Revolving Credit vs. Installment Credit: What’s the Difference?

Feb 03, 2024 By Triston Martin

What Is An Installment Account?

When you contract the installment loans, you're typically signing a contract to repay the amount you agreed to repay over a certain time. The monthly installments will be consistent with the principal balance and the loan interest rate. The money owed both in interest total and for each payment time will differ based on the kind of loan, the payback schedule, and the interest rate. For instance, the majority of mortgages have 30 or 15-year durations. The terms of car loans are typical that vary between two and seven years.

The monthly payment you pay the lender for an installment loan comprises principal and interest. Unless the terms of your loan change, you'll usually make the same amount every month. More of your monthly payments are earmarked for interest when you begin your payment plan. In time the amount you pay will decrease. The majority of your monthly installment is devoted to the principal amount. You can observe how it works by using this mortgage calculator tool for loans.
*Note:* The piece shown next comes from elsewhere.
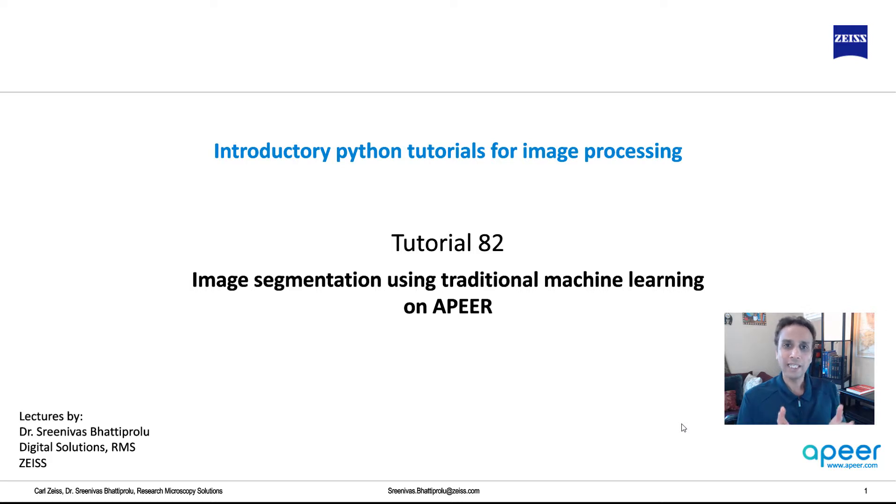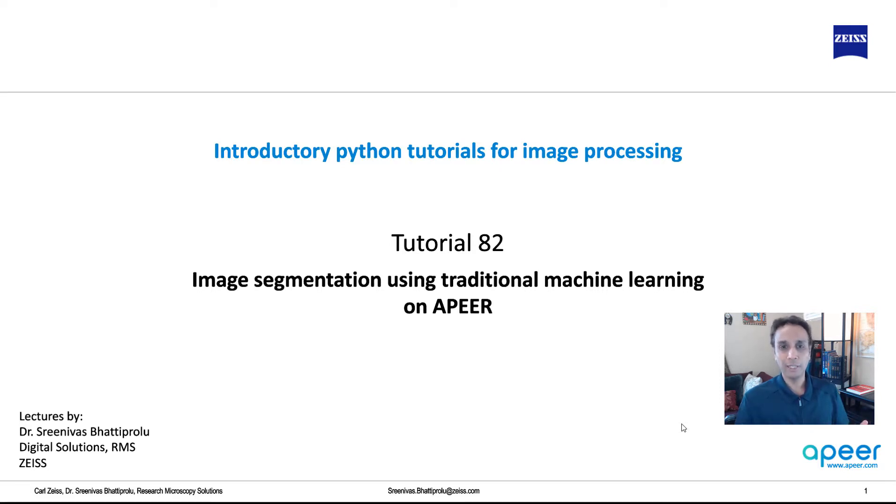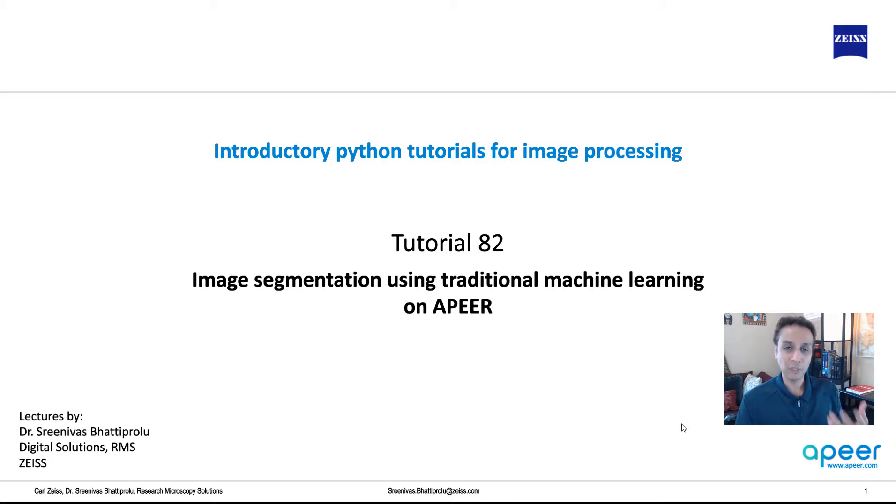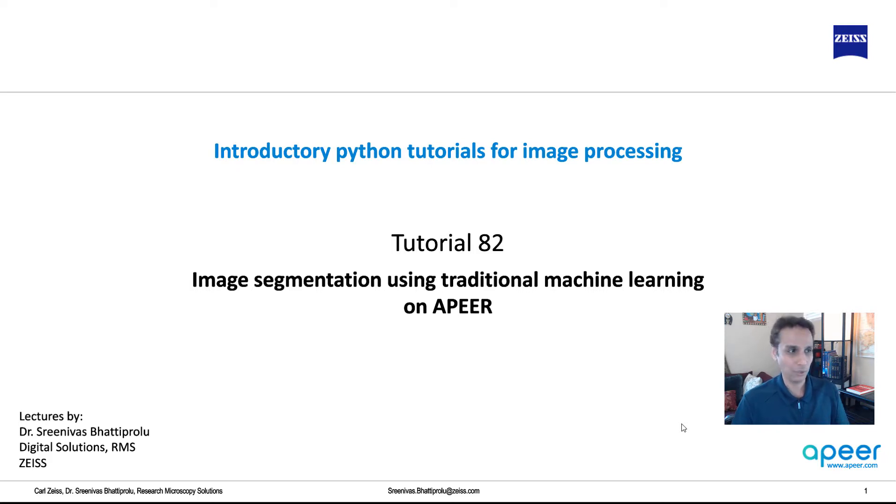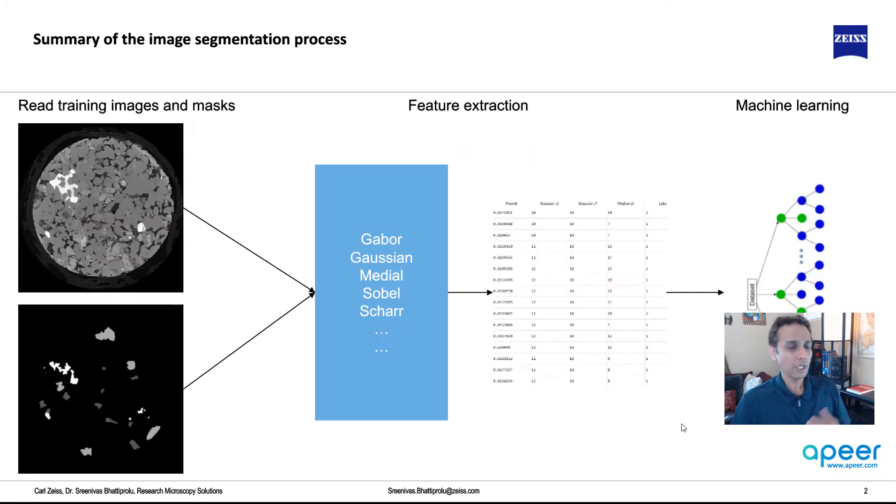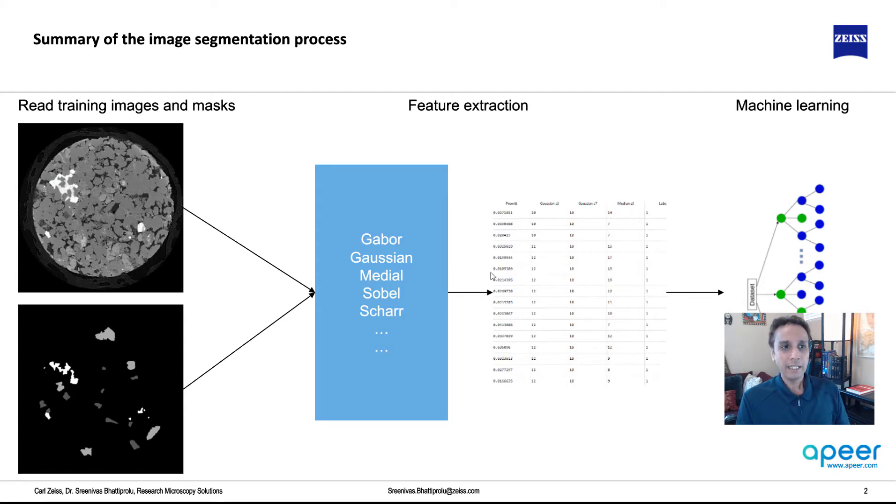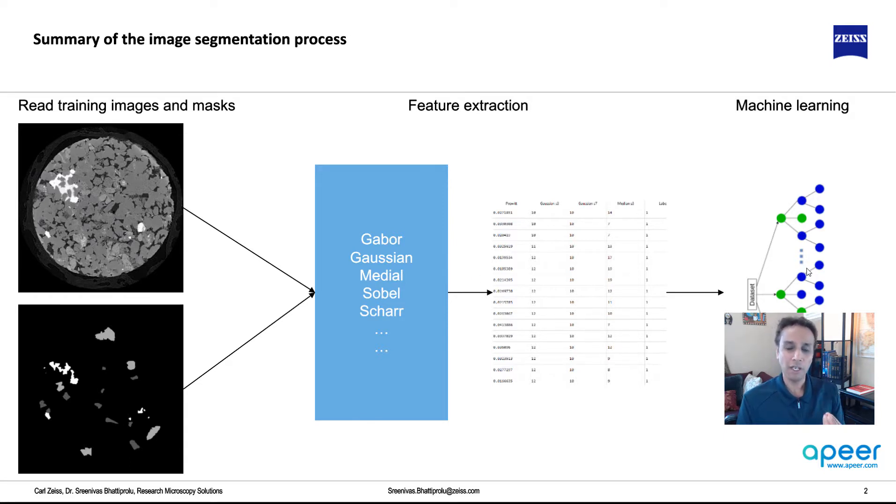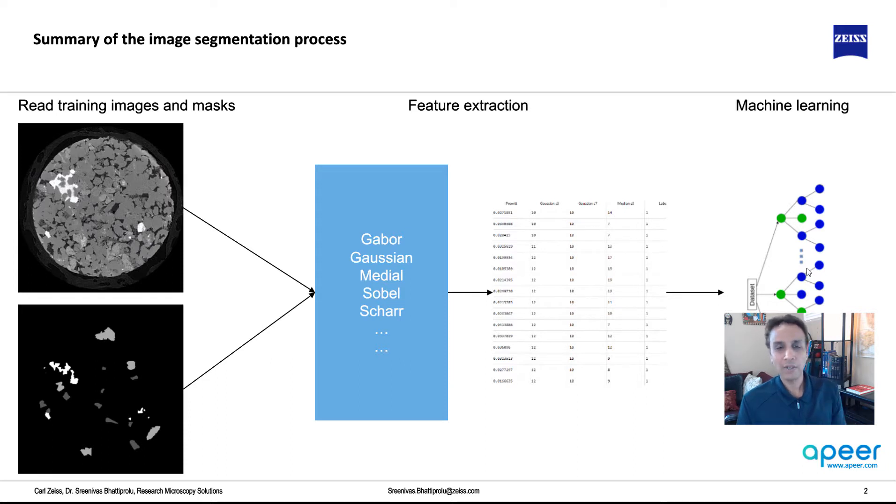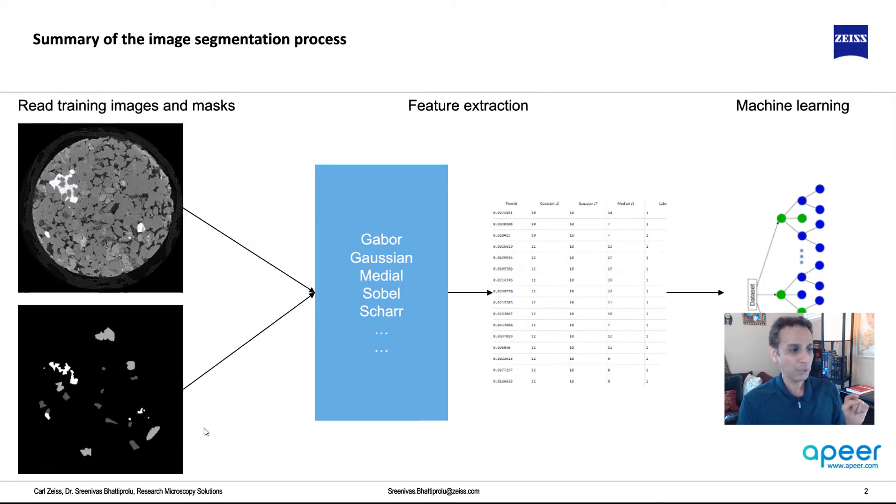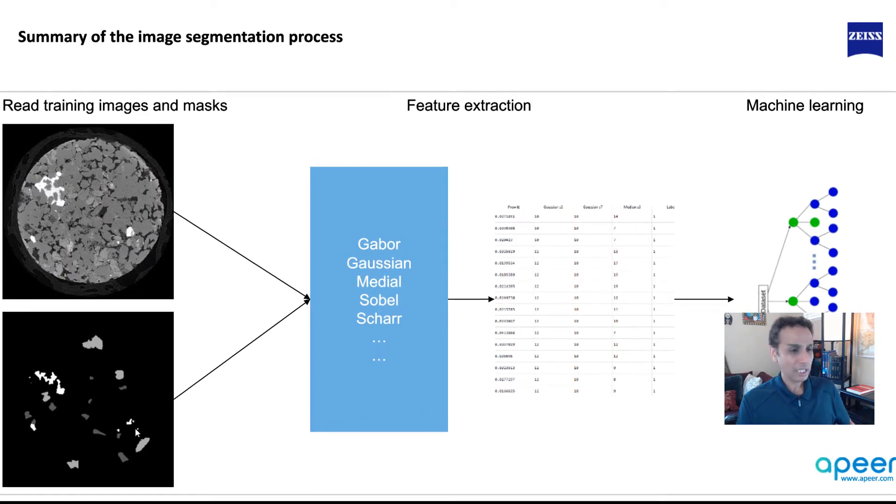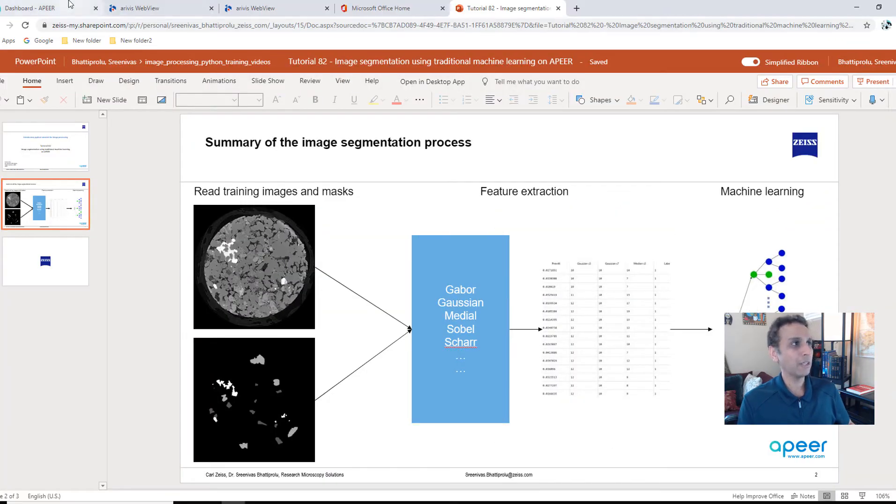In the last four tutorials, we have done exactly this, but where we have coded every line in Python. Now we took that and we created a couple of modules on APEER platform. So you can just upload your image stacks and you can just go ahead and segment your images. It works on most images, so please go ahead and check if it's working for your images. Let's have a quick look at that on APEER.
Pros of Installment Credit

Predictable Payments

The most significant benefit of using installment loans to pay off revolving loans is the ability to adjust your monthly repayment expectations. When you use credit cards or other revolving debts, it is expected that you make a minimum payment on the balance. This could result in numerous payments with a range of amounts to be paid, creating problems in making budgets. When you take out an installment loan, you're given a fixed monthly repayment amount for a specific period, making budgeting much simpler. Installment loans can also be extended over time - a 30-year mortgage is a good example, allowing smaller monthly payments that could be more in line with your cash flow requirements. For qualified borrowers, installment credit is cheaper than revolving credit when it pertains to the interest rate. Credit companies offer interest rates that rise every month, even if the balance is not paid.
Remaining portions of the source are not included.